*** Block opens ***

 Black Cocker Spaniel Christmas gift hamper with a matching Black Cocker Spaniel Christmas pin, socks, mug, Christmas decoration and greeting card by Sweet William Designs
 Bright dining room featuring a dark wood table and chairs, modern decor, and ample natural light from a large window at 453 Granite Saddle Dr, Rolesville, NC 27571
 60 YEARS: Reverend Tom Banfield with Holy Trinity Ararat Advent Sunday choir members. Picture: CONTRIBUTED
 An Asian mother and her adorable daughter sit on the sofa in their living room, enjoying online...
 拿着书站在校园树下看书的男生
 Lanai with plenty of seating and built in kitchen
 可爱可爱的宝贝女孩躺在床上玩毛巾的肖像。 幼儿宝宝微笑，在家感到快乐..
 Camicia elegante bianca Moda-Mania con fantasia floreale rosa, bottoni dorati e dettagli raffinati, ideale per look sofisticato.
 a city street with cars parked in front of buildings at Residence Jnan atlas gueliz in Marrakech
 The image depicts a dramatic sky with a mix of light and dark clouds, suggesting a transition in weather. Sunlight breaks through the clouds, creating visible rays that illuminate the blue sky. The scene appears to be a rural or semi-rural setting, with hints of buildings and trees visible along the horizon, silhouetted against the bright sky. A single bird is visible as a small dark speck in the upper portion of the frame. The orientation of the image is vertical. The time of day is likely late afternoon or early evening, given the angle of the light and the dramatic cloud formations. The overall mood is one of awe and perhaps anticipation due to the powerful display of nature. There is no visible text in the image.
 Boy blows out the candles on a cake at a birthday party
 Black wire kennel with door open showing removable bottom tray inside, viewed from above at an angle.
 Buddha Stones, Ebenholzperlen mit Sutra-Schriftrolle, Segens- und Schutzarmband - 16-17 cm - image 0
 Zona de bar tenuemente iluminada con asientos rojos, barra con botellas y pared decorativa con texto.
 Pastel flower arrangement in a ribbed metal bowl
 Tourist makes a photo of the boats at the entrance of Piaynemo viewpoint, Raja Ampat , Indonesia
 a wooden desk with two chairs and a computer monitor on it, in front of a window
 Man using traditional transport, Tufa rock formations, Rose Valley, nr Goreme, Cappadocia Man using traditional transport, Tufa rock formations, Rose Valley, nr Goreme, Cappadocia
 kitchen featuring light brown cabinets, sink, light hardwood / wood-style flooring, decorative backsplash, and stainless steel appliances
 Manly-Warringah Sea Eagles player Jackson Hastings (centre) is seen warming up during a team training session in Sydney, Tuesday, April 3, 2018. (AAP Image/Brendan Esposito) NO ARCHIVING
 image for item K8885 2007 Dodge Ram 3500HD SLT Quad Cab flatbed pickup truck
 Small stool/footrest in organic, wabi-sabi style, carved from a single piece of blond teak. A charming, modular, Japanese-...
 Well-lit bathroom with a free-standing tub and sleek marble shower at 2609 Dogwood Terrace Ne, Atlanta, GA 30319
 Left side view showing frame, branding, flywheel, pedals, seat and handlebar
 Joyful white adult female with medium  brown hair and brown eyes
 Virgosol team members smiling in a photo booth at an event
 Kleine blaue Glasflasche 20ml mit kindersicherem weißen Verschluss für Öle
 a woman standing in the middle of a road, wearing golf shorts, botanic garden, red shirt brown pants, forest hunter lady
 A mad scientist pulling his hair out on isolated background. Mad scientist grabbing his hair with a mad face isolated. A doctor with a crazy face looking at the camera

*** Block closes ***

Exercise requirements:
Word for word, repeat the line holding "kitchen featuring light" and all lines after it through the end of the entries above.

Answer box:
 kitchen featuring light brown cabinets, sink, light hardwood / wood-style flooring, decorative backsplash, and stainless steel appliances
 Manly-Warringah Sea Eagles player Jackson Hastings (centre) is seen warming up during a team training session in Sydney, Tuesday, April 3, 2018. (AAP Image/Brendan Esposito) NO ARCHIVING
 image for item K8885 2007 Dodge Ram 3500HD SLT Quad Cab flatbed pickup truck
 Small stool/footrest in organic, wabi-sabi style, carved from a single piece of blond teak. A charming, modular, Japanese-...
 Well-lit bathroom with a free-standing tub and sleek marble shower at 2609 Dogwood Terrace Ne, Atlanta, GA 30319
 Left side view showing frame, branding, flywheel, pedals, seat and handlebar
 Joyful white adult female with medium  brown hair and brown eyes
 Virgosol team members smiling in a photo booth at an event
 Kleine blaue Glasflasche 20ml mit kindersicherem weißen Verschluss für Öle
 a woman standing in the middle of a road, wearing golf shorts, botanic garden, red shirt brown pants, forest hunter lady
 A mad scientist pulling his hair out on isolated background. Mad scientist grabbing his hair with a mad face isolated. A doctor with a crazy face looking at the camera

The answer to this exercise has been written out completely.